3 Ubiquiti Pro Max switches in a rack, demonstrating the Etherlighting feature that makes cable ends glow.

Taking a fresh look at Ubiquiti

Having spent most of the last 5 years steeped in the HPE/Aruba networking ecosystem, I didn’t pay much attention to what Ubiquiti has been doing, as their primarily Prosumer and small business market segment didn’t significantly overlap with the large global customers I was working with at Aruba. HPE did venture into the SMB space with the InstantON product line, and have been reasonably successful at it, but the consulting work I was doing rarely went anywhere near that space. Now that I’m free of any competitive constraints. I’m taking another look at a product line that has clearly evolved.

About a year or so ago, I saw a marketing slide that surprised me, indicating that the #3 player in the Wi-Fi space (measured by total access points deployed) behind 800-pound gorilla Cisco and #2 Aruba, was, in fact, Ubiquiti.

Ubiquiti is a company that originally made a name for themselves by selling proprietary (AirMax) Wi-Fi-ish point-to-point and service provider gear, and eventually jumped into Wi-Fi. They quietly built themselves into a nearly US$2B/year operation by selling inexpensive (but broadly adequate) Wi-Fi hardware that appealed to small businesses, and they were largely ignored by the “Big Players” for years.

It had long been my own experience that the Ubiquiti ecosystem was decent but had some significant scalability limitations in terms of their management platform. This was especially clear after I got down and dirty with some absolutely massive deployments while working at Aruba. Over the years prior, I’ve deployed a number of Ubiquiti-based solutions and periodically watched them release a few products that were real stinkers (both hardware and software) or distractions from the core product line (anyone remember mFi? their solar product? the first 802.11ac access point to ship?). They gained a reputation (and it was largely deserved) by marketing the product as plug-and-play that required minimal engineering skill, along with a bunch of defaults that really weren’t doing anyone much good. They were the “cheap” brand, preferred by minimally competent “trunk-slammers” and customer bean counters and IT departments who didn’t really understand Wi-Fi, leading to a lot of really bad installations. They were also plagued by supply chain and quality challenges for a very long time.

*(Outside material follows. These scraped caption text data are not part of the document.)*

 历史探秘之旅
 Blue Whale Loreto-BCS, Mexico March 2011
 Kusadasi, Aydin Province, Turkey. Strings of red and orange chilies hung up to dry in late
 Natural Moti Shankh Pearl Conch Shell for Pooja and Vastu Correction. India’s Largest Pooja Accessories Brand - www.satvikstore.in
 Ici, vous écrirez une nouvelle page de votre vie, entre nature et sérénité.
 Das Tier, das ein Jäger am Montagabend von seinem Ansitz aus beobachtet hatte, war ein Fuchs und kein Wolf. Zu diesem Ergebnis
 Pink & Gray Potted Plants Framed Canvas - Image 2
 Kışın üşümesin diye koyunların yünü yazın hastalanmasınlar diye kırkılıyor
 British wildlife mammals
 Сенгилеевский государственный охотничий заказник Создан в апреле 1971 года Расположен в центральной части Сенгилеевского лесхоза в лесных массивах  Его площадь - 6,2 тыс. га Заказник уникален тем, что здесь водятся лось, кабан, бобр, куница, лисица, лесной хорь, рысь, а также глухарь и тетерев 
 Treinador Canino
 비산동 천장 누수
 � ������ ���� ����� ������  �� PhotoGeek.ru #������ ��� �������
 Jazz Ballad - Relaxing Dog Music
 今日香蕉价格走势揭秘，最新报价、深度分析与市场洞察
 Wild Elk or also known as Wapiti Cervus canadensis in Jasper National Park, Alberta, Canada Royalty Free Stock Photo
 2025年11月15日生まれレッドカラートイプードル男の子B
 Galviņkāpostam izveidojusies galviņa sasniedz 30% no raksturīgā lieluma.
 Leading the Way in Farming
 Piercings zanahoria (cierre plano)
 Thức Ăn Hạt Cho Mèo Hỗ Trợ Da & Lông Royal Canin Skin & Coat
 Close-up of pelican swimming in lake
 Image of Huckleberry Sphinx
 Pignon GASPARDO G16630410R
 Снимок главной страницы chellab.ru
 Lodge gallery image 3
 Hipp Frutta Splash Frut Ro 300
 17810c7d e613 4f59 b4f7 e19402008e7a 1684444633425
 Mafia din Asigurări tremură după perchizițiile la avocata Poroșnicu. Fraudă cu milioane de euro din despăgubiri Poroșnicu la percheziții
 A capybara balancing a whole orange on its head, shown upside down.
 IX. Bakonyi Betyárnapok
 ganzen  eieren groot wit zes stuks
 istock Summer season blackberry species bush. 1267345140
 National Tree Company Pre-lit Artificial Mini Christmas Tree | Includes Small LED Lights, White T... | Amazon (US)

But over the last several years, other consumer-focused companies like Netgear, TP-Link, Linksys (fresh off the utter debacle that was Cisco’s ownership of the brand), new players like Google (Nest) and Amazon (Eero), and eventually larger legacy players like Aruba (InstantON) started realizing that Ubiquiti did in fact have the prosumer market largely locked up. They decided they wanted a piece of that pie, right around the same time that the consumer market started realizing that it needed multi-AP solutions, especially in the US market where homes were growing ever larger, and all the while, ISPs were providing equipment was almost criminally cheap and awful.

This new competition ultimately proved to be a good thing for Ubiquiti, as complacency had been taking hold. The competition breathed new life into the company, who began to make some really smart hiring decisions on the product and development side.

Meanwhile, the founder of Ubiquiti, Robert Pera, decided to do as so many company founders with mountains of wealth do, and invested some of it into a professional sports team, the Memphis Grizzlies of the National Basketball Association. Along with the team came the management and operation of their home arena, the FedExForum. As it would never do for a competitor’s networking product to be in the arena, the team set about deploying Ubiquiti’s Wi-Fi product to serve the arena, at a scale that the product had never been deployed before. This ultimately proved that the product can in fact scale, if given the proper engineering attention by someone who actually knows what they’re doing (their lead network architect is a good friend and colleague), and product support and development that can integrate feedback and the unique challenges posed by Large Public Venues. This gave the hardware and software some much-needed improvements.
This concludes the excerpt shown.